3.2 Experiments on Translation Memories
In this section we present the experiments we conducted on TMs using the Universal Sentence Encoder. First we introduce the dataset that we used and then we present the methodology employed and the evaluation results.
In order to conduct the experiments, we used DGT-Translation Memory, a translation memory made publicly available by The European Commission’s (EC) Directorate General for Translation, together with the EC’s Joint Research Centre. It consists of segments and their professionally produced translations covering twenty-two official European Union (EU) languages and their 23 language-pair combinations [steinberger-etal-2012-dgt]. It is typically used by researches who work on TMs [gupta2016improving, baisa-etal-2015-increasing].

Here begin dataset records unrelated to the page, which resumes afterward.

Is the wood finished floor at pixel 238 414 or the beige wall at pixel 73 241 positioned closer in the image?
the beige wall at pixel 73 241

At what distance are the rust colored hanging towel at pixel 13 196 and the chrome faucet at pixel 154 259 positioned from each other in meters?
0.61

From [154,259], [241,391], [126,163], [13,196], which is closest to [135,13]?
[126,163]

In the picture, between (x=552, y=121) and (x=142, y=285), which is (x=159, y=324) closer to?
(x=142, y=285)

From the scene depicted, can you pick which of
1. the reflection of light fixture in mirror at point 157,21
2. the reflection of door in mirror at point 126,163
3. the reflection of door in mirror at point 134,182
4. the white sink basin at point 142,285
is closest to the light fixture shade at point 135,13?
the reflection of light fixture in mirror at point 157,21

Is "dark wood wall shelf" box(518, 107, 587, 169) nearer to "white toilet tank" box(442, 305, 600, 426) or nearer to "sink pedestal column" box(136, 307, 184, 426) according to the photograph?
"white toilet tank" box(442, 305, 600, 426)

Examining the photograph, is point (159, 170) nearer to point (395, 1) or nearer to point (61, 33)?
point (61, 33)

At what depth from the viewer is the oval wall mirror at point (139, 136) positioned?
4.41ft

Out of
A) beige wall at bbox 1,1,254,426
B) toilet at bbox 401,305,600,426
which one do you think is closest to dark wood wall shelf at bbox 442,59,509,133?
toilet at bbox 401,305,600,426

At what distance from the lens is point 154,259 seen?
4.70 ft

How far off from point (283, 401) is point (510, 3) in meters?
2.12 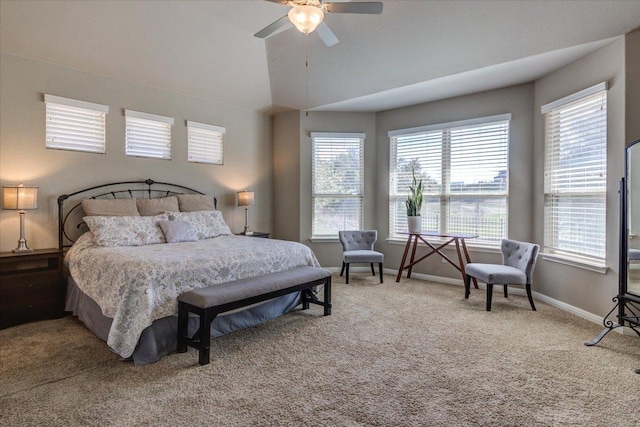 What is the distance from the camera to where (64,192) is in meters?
4.15

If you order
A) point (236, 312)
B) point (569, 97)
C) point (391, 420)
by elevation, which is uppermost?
point (569, 97)

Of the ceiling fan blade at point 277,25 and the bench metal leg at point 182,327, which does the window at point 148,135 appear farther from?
the bench metal leg at point 182,327

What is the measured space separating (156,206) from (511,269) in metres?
4.49

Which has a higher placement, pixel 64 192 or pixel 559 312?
pixel 64 192

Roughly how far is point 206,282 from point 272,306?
87 centimetres

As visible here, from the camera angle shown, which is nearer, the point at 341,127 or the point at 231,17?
the point at 231,17

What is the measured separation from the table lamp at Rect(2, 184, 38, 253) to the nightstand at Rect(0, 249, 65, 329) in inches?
6.5

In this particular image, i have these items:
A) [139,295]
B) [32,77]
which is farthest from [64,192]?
[139,295]

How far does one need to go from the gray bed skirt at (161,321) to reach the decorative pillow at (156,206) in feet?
3.74

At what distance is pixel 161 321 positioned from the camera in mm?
2816

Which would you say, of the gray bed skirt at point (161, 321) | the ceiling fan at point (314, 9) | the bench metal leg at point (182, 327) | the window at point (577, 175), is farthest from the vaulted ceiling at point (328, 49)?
the bench metal leg at point (182, 327)

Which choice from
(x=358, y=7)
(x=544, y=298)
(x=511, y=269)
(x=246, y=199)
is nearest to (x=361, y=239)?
(x=246, y=199)

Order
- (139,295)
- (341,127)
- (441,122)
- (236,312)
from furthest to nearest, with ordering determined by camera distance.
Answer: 1. (341,127)
2. (441,122)
3. (236,312)
4. (139,295)

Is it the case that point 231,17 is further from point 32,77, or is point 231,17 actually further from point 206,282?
point 206,282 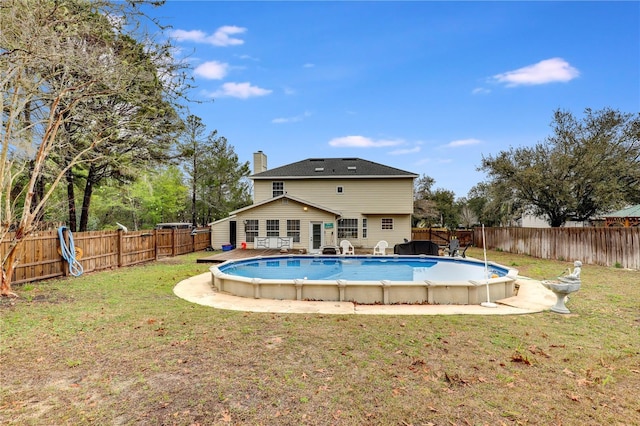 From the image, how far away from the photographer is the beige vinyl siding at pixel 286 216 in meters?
19.3

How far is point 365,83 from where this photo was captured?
19719 millimetres

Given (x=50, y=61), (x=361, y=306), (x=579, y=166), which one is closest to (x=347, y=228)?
(x=579, y=166)

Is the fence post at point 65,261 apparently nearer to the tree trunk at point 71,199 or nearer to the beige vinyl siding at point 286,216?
the tree trunk at point 71,199

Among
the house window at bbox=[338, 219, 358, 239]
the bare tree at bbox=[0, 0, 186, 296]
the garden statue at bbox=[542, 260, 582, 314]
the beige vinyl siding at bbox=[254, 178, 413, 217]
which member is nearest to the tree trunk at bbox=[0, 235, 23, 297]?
the bare tree at bbox=[0, 0, 186, 296]

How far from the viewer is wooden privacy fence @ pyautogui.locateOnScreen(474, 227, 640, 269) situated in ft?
40.1

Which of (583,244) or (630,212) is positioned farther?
(630,212)

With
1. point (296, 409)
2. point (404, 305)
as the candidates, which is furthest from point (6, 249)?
point (404, 305)

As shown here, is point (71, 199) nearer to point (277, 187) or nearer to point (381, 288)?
point (277, 187)

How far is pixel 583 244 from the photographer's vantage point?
14.0 m

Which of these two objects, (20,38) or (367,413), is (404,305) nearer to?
(367,413)

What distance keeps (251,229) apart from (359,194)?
7648mm

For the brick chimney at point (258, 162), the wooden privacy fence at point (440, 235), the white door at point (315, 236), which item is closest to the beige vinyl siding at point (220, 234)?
the brick chimney at point (258, 162)

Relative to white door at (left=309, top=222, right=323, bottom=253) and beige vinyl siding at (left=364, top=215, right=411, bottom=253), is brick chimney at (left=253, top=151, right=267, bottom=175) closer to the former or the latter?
white door at (left=309, top=222, right=323, bottom=253)

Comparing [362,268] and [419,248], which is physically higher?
[419,248]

We used the English - Spanish segment pairs for the experiments, but our approach is easily adoptable to any language pair as long as there are embeddings available for the source language. We used data from the year 2018: 2018 Volume 1 was used as the translation memory and 2018 Volume 3 was used as the input segments. The translation memory we built from 2018 volume 1 had 230,000 segment pairs, whilst the 2018 volume 3 had 66,500 segment pairs which we used as input segments.
We conducted the following steps for both architectures in Universal Sentence Encoder.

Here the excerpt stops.